Activity -> Your task is to copy the lines from the line containing "DIAP-RETROSPETTIVA LUIGI DE" through the end of the listing below, both included, without any pictures.

Data excerpt ->
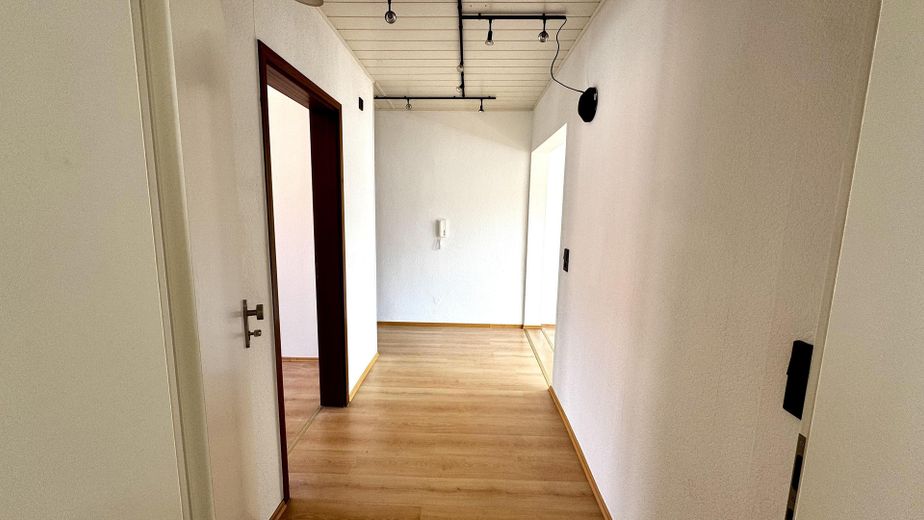 Erstbezug nach Sanierung | Helle 3,5-Zimmer-Wohnung in bester Innenstadtlage – Flurbereich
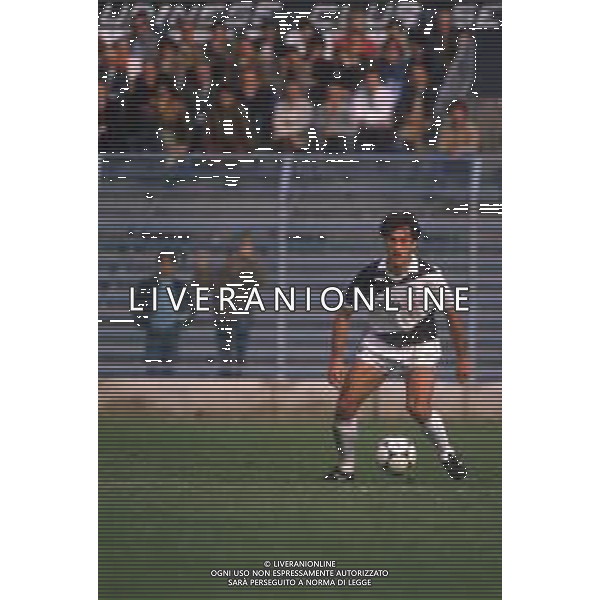 DIAP-RETROSPETTIVA LUIGI DE AGOSTINI CALCIATORE NELLA FOTO LUIGI DE AGOSTINI CON LA MAGLIA DELL\'UDINESE CALCIO AG ALDO LIVERANI SAS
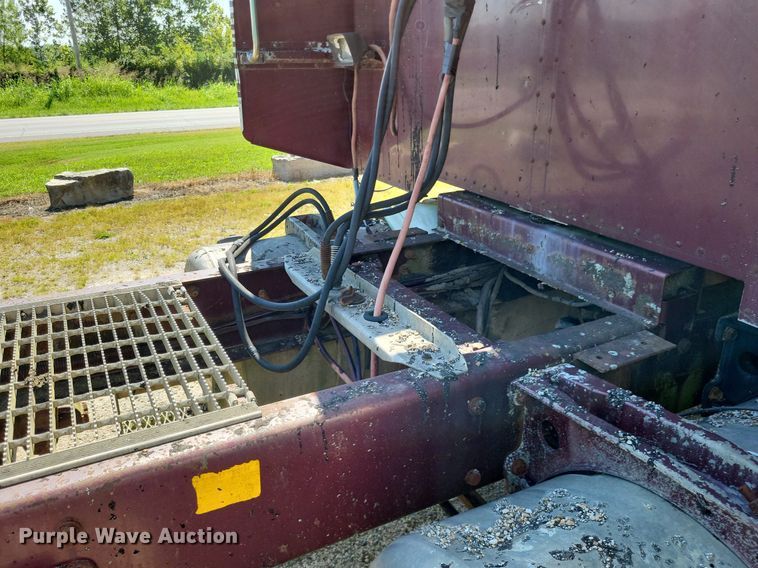 image for item LS9705 1993 Peterbilt 377  semi truck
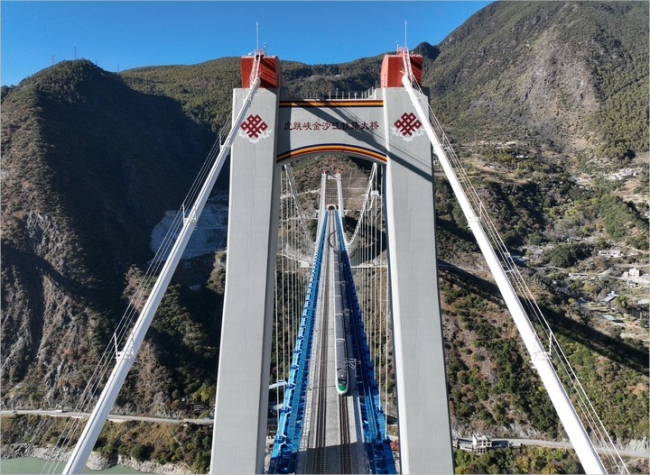 New Railway Links Lijiang, Shangri-la in Southwest China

Response ->
 DIAP-RETROSPETTIVA LUIGI DE AGOSTINI CALCIATORE NELLA FOTO LUIGI DE AGOSTINI CON LA MAGLIA DELL\'UDINESE CALCIO AG ALDO LIVERANI SAS
 image for item LS9705 1993 Peterbilt 377  semi truck
 New Railway Links Lijiang, Shangri-la in Southwest China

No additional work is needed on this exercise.